Novarits has shown in three large Phase III trials that, compared to Gleevec, Tasigna achieves "deeper molecular responses" in Ph-positive CML patients, including in newly diagnosed patients, those with residual disease who received Tasigna after longterm Gleevec use, and those who failed to respond to frontline Gleevec. Novartis also recently announced it is partnering with MolecularMD to develop a test to track in clinical trials how well CML patients are able to maintain their response in terms of durable minimal residual disease.

Novartis' CML drugs will compete in the market with Pfizer's Bosulif (bosutinib) and Bristol-Myers Squibb's Sprycel (dasatinib). Pfizer still hasn't reported sales of Bosulif after it received FDA approval in September 2012 as a treatment for chronic, accelerated, or blast phase Ph-positive CML in adult patients with resistance or intolerance to prior therapy.

BMS's Sprycel had $1.2 billion in worldwide revenues last year, up 26 percent from $1 billion in revenues in 2012. The drugmaker is focused on convincing healthcare providers of the advantages of its drug over Gleevec. At the American Society of Hematology's annual meeting in December, researchers reported four-year follow-up data from the Phase III DASISION study of Sprycel 100 mg once daily versus Gleevec 400 mg daily in the first-line treatment of adults with Ph-positive CML.

The study results showed that at four years, 76 percent of patients on Sprycel versus 63 percent of Gleevec-treated patients experienced a major molecular response. Additionally, 84 percent of Sprycel-treated patients compared to 64 percent of those on Gleevec had an optimal molecular response at three months. Patients with these responses on Sprycel also lived longer than those who didn't have these responses.

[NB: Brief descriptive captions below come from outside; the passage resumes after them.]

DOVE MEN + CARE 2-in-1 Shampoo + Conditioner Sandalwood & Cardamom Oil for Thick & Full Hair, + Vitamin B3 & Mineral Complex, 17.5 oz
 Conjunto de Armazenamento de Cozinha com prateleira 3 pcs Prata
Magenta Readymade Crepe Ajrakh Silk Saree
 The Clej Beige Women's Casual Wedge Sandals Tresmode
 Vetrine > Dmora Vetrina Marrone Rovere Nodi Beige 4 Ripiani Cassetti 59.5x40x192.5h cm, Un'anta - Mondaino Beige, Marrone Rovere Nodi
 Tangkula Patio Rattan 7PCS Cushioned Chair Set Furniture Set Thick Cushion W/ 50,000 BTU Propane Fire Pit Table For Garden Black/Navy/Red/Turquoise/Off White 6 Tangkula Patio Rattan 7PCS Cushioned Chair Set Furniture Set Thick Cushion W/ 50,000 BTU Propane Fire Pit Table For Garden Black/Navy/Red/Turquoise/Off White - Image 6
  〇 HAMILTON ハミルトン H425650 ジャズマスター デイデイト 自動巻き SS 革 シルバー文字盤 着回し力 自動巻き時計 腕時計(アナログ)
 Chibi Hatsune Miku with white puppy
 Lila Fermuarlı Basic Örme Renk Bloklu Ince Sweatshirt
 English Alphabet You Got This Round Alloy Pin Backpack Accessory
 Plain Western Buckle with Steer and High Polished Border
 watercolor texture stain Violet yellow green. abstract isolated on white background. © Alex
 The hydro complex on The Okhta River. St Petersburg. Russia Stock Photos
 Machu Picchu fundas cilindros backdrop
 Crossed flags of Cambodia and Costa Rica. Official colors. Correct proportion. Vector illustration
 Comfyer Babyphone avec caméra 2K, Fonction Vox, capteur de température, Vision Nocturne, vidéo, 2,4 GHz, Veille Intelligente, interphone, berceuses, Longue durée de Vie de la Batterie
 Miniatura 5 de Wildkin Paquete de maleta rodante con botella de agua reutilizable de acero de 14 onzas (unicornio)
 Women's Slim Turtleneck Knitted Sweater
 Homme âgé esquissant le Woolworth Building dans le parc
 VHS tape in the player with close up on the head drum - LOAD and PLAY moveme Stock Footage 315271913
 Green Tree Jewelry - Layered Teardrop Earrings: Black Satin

Finally, in the personalized colorectal cancer market, Amgen's Vectibix (panitumumab) had global sales of $389 million in 2013, compared to $359 million in 2012, an 8 percent increase. BMS's Erbitux (cetuximab) had $696 million in worldwide revenues in 2013, a 1 percent decrease from $702 million in 2012.

BMS also markets Plavix, which saw its worldwide revenues last year plummet by 90 percent due to generic competition, from $2.5 billion in 2012 to $258 million in 2013. Plavix lost patent protection in May 2012. The FDA in 2010 placed a black box warning on Plavix's label informing doctors that patients with certain CYP2C19 mutations are poor metabolizers for the drug and that they should consider alternative treatments or Plavix dosing strategies for these patients.